La autoridad se origina en Dios nuestro Creador y Padre. Él es el gobernante máximo y por excelencia. Es maravilloso saber que su Reino es un reino de amor, de justicia, de paz, de gozo, de perdón, de reconciliación. Dios es nuestro Padre, pero también nuestra autoridad. Hoy por hoy, Él no impone su gobierno, porque desea que cada uno de nosotros responda a su infinito amor, con obediencia. Una obediencia nacida de nuestro amor y gratitud a la salvación que nos ha otorgado por la fe en Cristo.
1 Corintios 15. 27-28. Pues las Escrituras dicen: «Dios ha puesto todas las cosas bajo su autoridad». (Claro que, cuando dice «todas las cosas están bajo su autoridad», no incluye a Dios mismo, quien le dio a Cristo su autoridad). 28 Entonces, cuando todas las cosas estén bajo su autoridad, el Hijo se pondrá a sí mismo bajo la autoridad de Dios, para que Dios, quien le dio a su Hijo la autoridad sobre todas las cosas, sea completamente supremo sobre todas las cosas en todas partes. NTV.
No podemos dejar de reconocer que las autoridades, todas, le hemos fallado a Dios por siglos.
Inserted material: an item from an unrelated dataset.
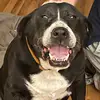 Dave Rucker Vieira - @dave.rucker.vieir - TikTok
Lo hemos representado incorrectamente: Tanto en el ámbito matrimonial, como familiar, laboral, gubernamental y aun como autoridades espirituales, hemos abusado de los que están bajo nuestra cuidado; al punto de someterlos y esclavizarlos. El machismo y el matriarcado de los mexicanos ha distorsionado la autoridad legítima establecida por Dios en su Palabra, hemos desfigurado el derecho a la libertad humana, condicionando, dominando, controlando, manipulando, violentando e intimidando al prójimo. ¡Dios jamás quizo eso! El señorío (la autoridad y el gobierno) otorgado a Adán y a Eva, nunca fue para que se hicieran esclavos unos de los otros.
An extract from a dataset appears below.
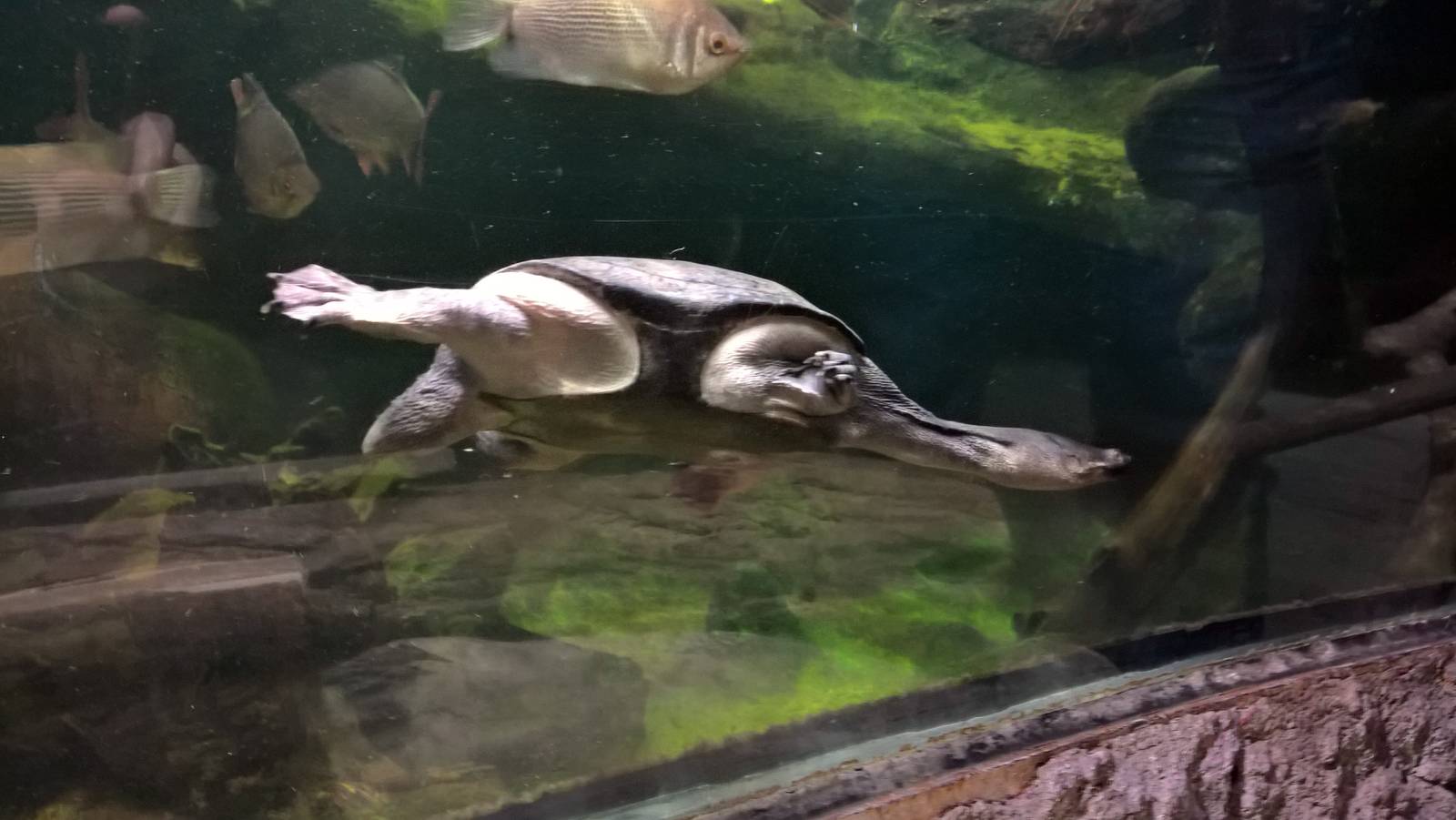 Northern Australian snake-necked turtle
Génesis 1. 28 Y los bendijo Dios, y les dijo: Fructificad y multiplicaos; llenad la tierra, y sojuzgadla, y señoread en los peces del mar, en las aves de los cielos, y en todas las bestias que se mueven sobre la tierra.
Padre, ¡perdóname! Por el estado de constante rebeldía en el que he vivido. Aparentando tal vez sumisión, pero con una rebeldía interna en la que el que manda sobre todas las cosas soy realmente yo y hago lo que yo quiero. Te pido perdón y me comprometo a, con la ayuda de tu Santo Espíritu obedecerte cada minuto de mis días, en el nombre de Jesús, amén.